In the 1960s, anthropologist Richard Lee spent time among the !Kung bushmen of Africa’s Kalahari Desert and found that their hunter-gatherer lifestyle wasn’t the “precarious and arduous struggle for existence” we all imagined it to be. !Kung women, who—big shocker—worked harder than the men, could gather enough food in one day to feed their families for three, spending the rest of their time resting, visiting neighbors, entertaining—enjoying some measure of leisure, in other words. Their husbands, meanwhile, had it even better. It turns out that hunters, as the anthropologist Marshall Sahlins famously put it, “keep bankers’ hours.”
The Australian Aborigines present the perfect example of a leisure-rich hunter-gatherer culture that historically played a wide variety of sports, including ball games. A diverse collection of groups that once spoke as many as 300 distinct languages, the Aborigines have traditionally been hunter-gatherers who traveled in small bands, had no agriculture, and employed simple stone tool technology that remained largely unchanged over their 40,000-year history. But they played ball.
The Aborigines of western Victoria played a football-like game called marn grook that involved upward of 50 men playing across a large open stretch of land. Accounts from the 1920s and earlier describe a contest between clans or totem groups (the “white cockatoos” versus the “black cockatoos,” for example) that involved punting and catching a stuffed ball made from grass and beeswax, opossum pelt, or, in some cases, the scrotum of a kangaroo.
The rules of the game were not well understood by those white men who recorded it, but this account gives an idea:
A ball, similar to the one used in cricket but made of grass tied up tightly with string and then covered with beeswax, is used for the game, where men of different moieties took sides as in football, and the game was started by kicking the ball into the air.

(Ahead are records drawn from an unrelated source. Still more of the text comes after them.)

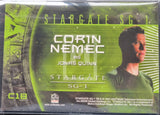 2004-Rittenhouse-Archives-Stargate-SG1-Season-6-Six-From-The-Archives-Costume-Trading-Card-C18-Corin-Nemec-Jonas-Quinn-Back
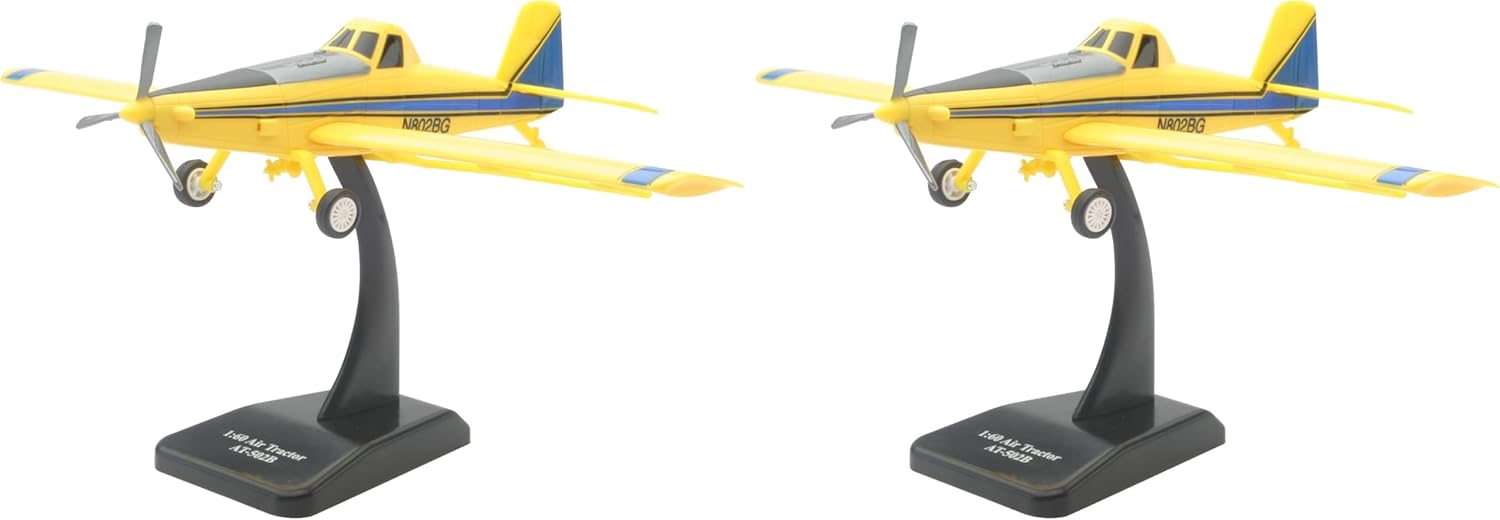 NewRay 20643 "At-502 Model Agriculture Plane (Pack of 2)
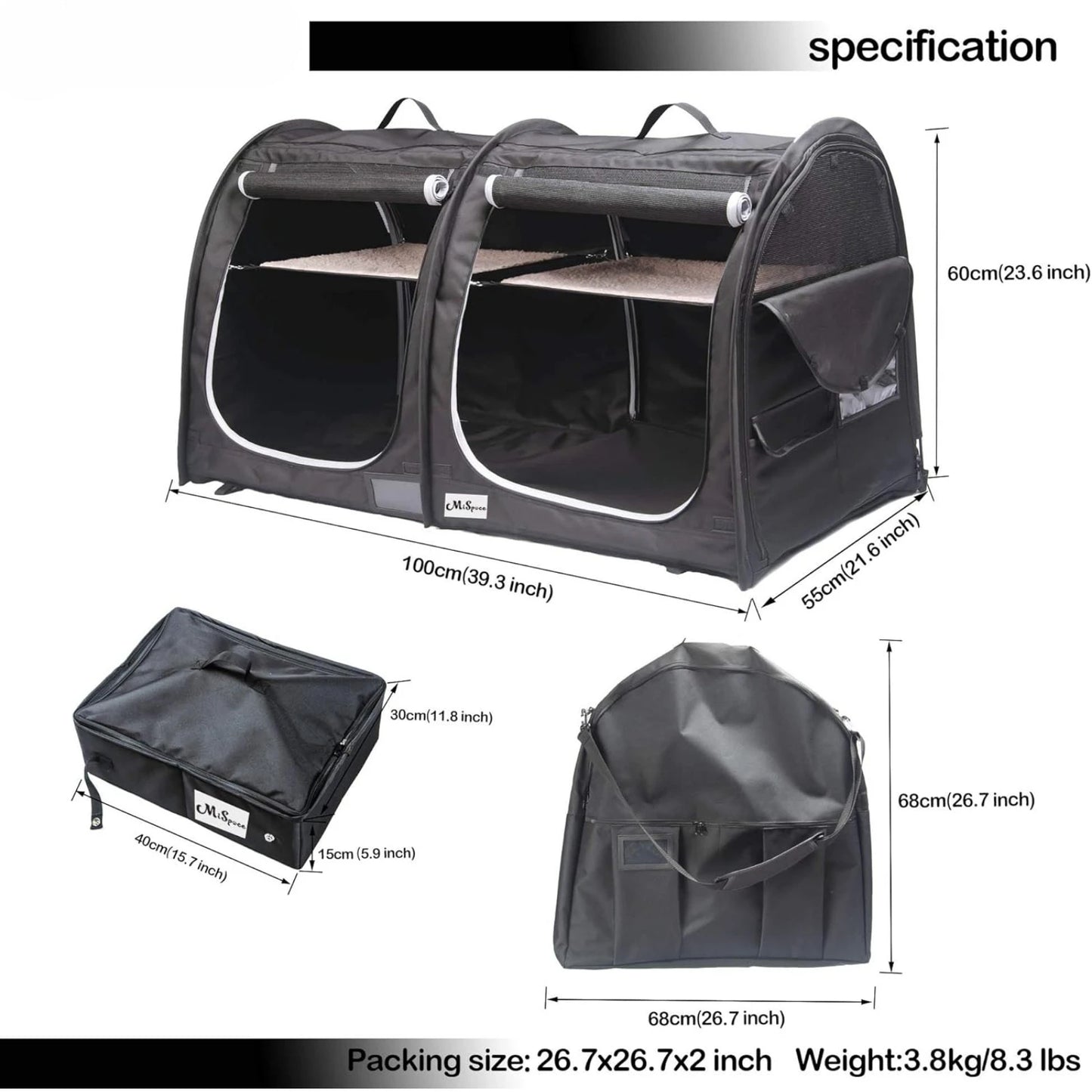 Easy to Fold & Carry Kennel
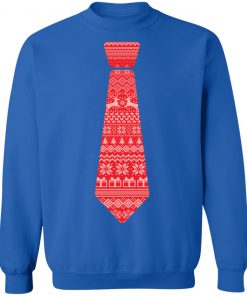 Ugly Christmas Sweater Tie Sweatshirt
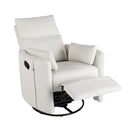 360 Degree Swivel Recliner Theater Recliner Manual Rocker Recliner Chair with Two Removable Pillows for Living Room, Beige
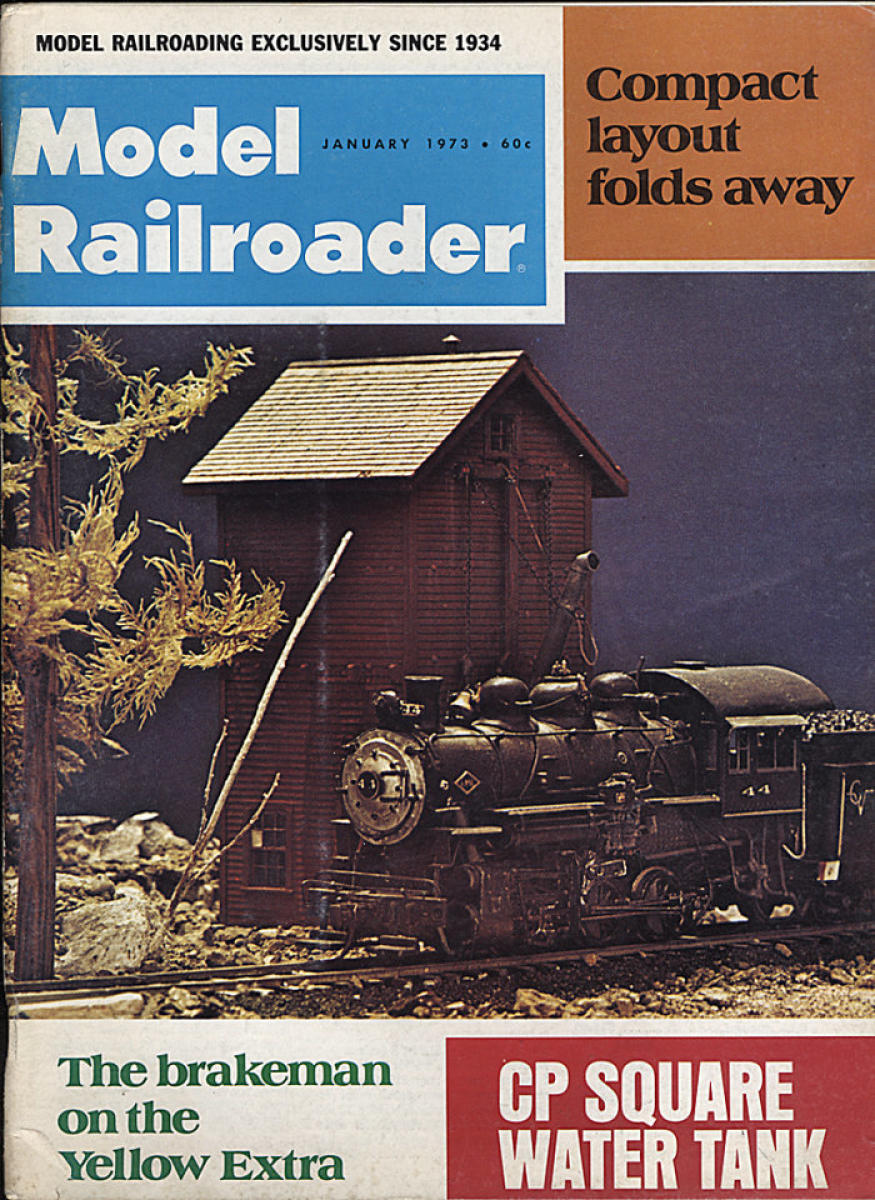 Model Railroader January 1973 at Wolfgang's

Once kicked off, however, the hands could not touch the ball again, only the feet were used for this purpose, and the side who kept it in the air and away from the others were looked upon as the winners.
The winner, in some cases, earned the honor of burying the ball in the ground until it was unearthed for the next game.
On the other side of the world, the Copper Inuit are a hunting society in the Canadian Arctic that subsist on seal, fish, and, in the spring, caribou. When the ice melts in the spring and summer months they are also known to play their own variation of football, called akraurak. As described by the anthropologist Kendall Blanchard, the game is played with a seal-hide ball stuffed with hair, feathers, moss, or whalebone. Goals are set up on the snow and teams must kick the ball up and down the field and drive it across the opponent’s goal line. This game is so important within the culture that the Inuit refer to the northern lights, or aurora borealis, as arsarnerit, meaning “the football players.”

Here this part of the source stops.